New Zealand is full of amazing natural beauty and it has unique and compelling traditions. A culmination of European-based quirks and Maori customs has enabled New Zealand to craft its customs and traditions. Here I have rounded up 6 Traditions to Watch in New Zealand that you can find only in New Zealand and the inhabitants can understand and relate to.
6 Traditions to Watch in New Zealand
1. A chocolate carnival on the steepest street of World
Baldwin Street of Dunedin is popular for its steepest street in the world. But do you know this place is also hosts the city’s annual Cadbury Chocolate Carnival? To start the sweet festivities, giant Jaffa balls, which are orange chocolates that are unique to New Zealand, roll down this steep stretch of road. Here there are many other competitions, choc-filled activities, and an iconic Crunchie Train to enjoy the festival. This is one of the 6 traditions to watch in New Zealand.
There is even a Cadbury Couture night on July 19, with folks on the runway wrapped with Cadbury foils, as well as chocolate decorating, chocolate painting and the Larnach Castle Cadbury Winter Ball.
The week finishes off with something called the Cadbury Jaffa Race. Jaffas are a Kiwi favourite; balls of orange and sugar-coated chocolate made in New Zealand since 1931. For the big race, they send giant Cadbury Jaffas hurtling down Baldwin Street in Dunedin, which locals claim is the world’s steepest street.
2. Gumboot Day
Taihape is a small town in the center of the North Island that prides itself on being ‘the gumboot capital of the world‘. Every year since 1985, the community celebrates Gumboot Day — a fun-filled family event that includes the town’s famed gumboot throwing contest. The iconic festival is held on the Tuesday after Easter, and its biggest ambition every year is to break the world record for the longest gumboot throw.

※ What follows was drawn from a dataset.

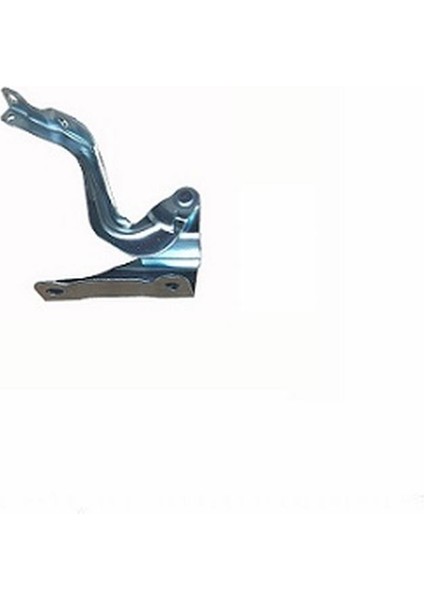 Hyundaı Accent Kaput Menteşesi Sağ 2007- 791201E000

Depending on local custom, different rules applies to the sport. In parts of Somerset, for example, the boot is filled with water before being thrown. Some competitions allow a run up before releasing the boot, while others require the throw from a standing position—which can be done by making the thrower stand in an empty dustbin. In Welbury, North Yorkshire, the size of the boot thrown must be large enough to comfortably fit the thrower. Other competitions specify the size of the boot and the manufacturer.
3. The Haka
If you are aware of rugby, you’d know this one quite well. The haka is a traditional Maori war dance. Usually, New Zealand’s All Blacks team, performs this dance although it is also a traditional dance of maori. Earlier, the pre-battle war cries and dances were performed to provoke fear, and proclaim the strength of Maori warriors. This is when they usually perform a haka dance. Now it has become a tradition and you can see the performance if you visit a marae, or if you participate in any special Maori celebrations and rituals.

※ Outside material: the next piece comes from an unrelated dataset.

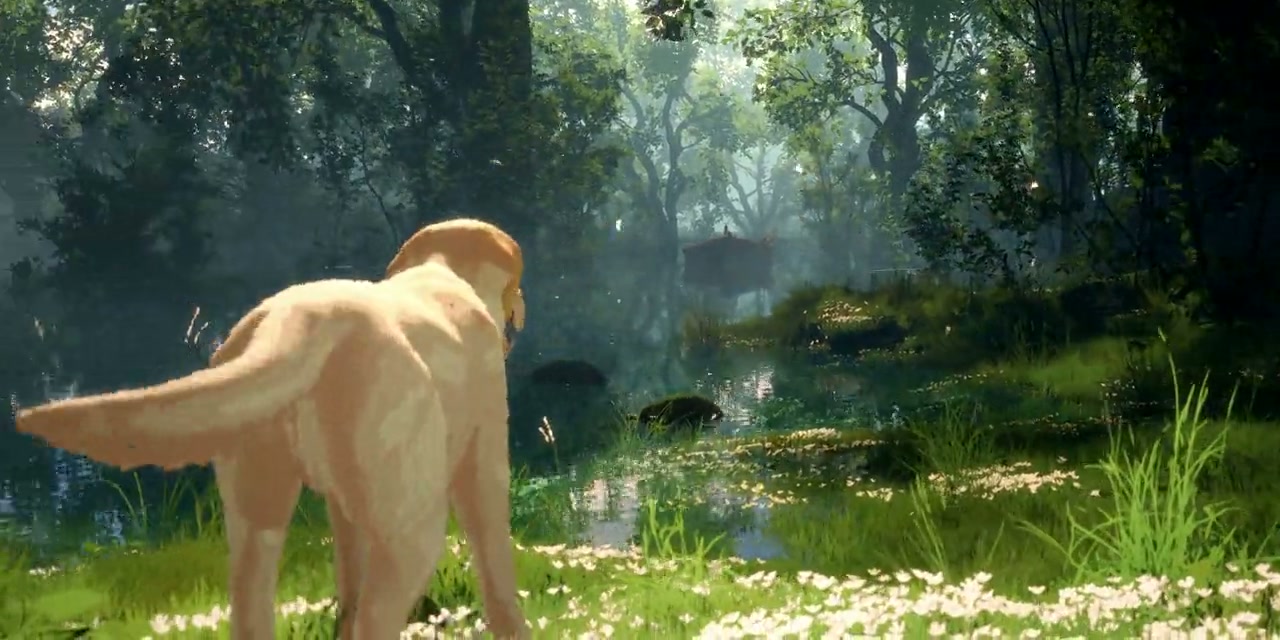 Flow aka Straume Screenshot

New Zealand traditionally sing a song Ka Mate, which is a war cry since 1820 by a Maori chief Te Rauparaha. It was first performed by the All Blacks in 1888, but only at away matches until 1986.
The Ka Mate Haka is also performed during high profile funerals or to greet foreign dignitaries. But in 2005, they came up with a newer version called Kapa O Pango, which is exclusive to the All Blacks rugby team and only performed during certain matches.
Nowadays, whenever New Zealand take to the field, nobody knows which version of the Haka they will sing. Against South Africa, Read and Perenara led the team in performing Kapa O Pango.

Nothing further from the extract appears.